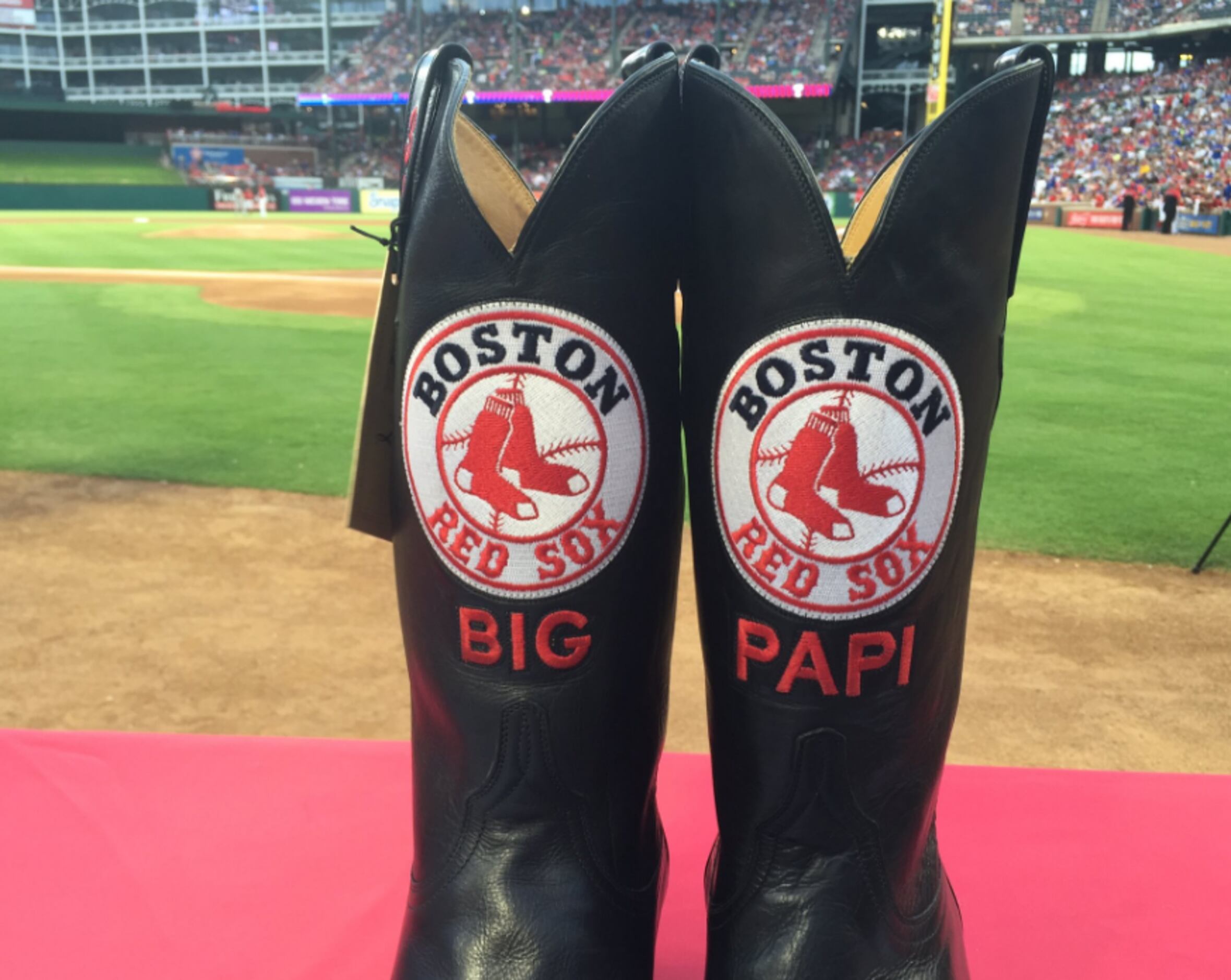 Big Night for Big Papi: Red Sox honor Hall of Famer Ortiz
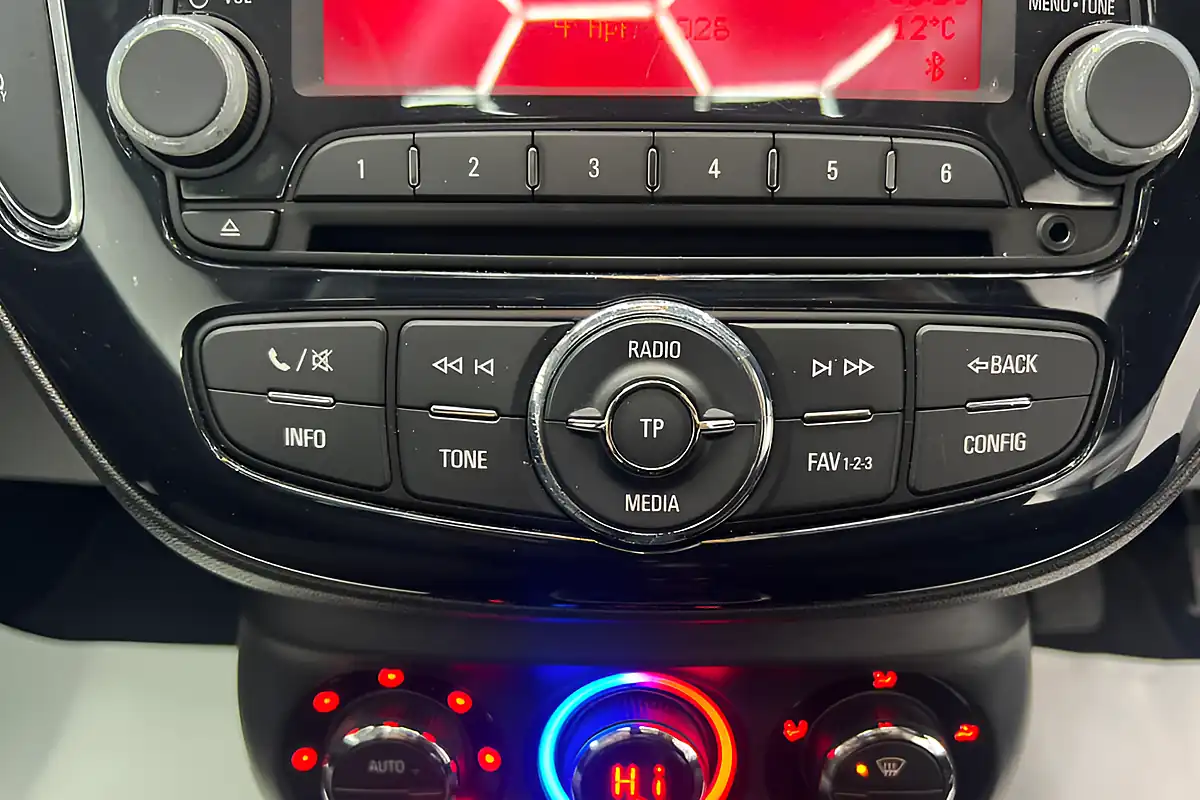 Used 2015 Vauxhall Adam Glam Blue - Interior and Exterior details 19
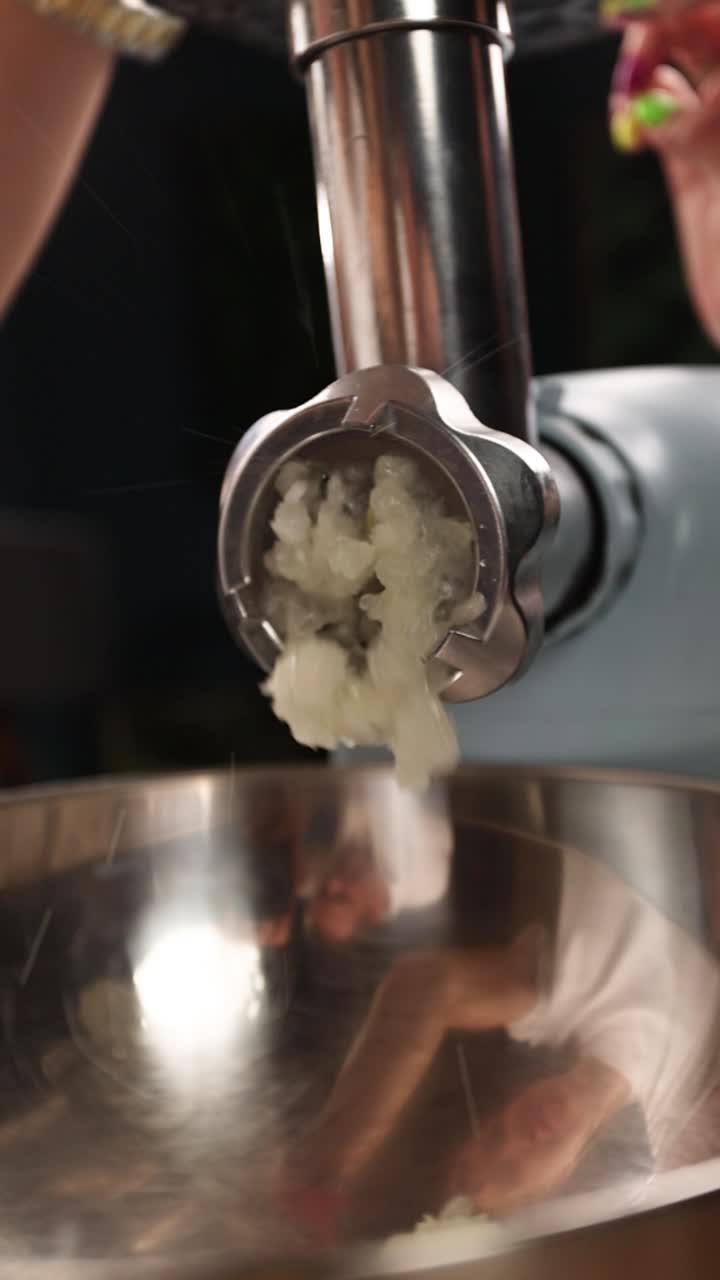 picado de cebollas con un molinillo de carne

**EXERCISE REQUIREMENTS**
Write out again, word for word, the lines from the one holding "Used 2015 Vauxhall" through the final line of the listing, including both ends but no pictures.

**WRITTEN RESPONSE**
 Used 2015 Vauxhall Adam Glam Blue - Interior and Exterior details 19
 picado de cebollas con un molinillo de carne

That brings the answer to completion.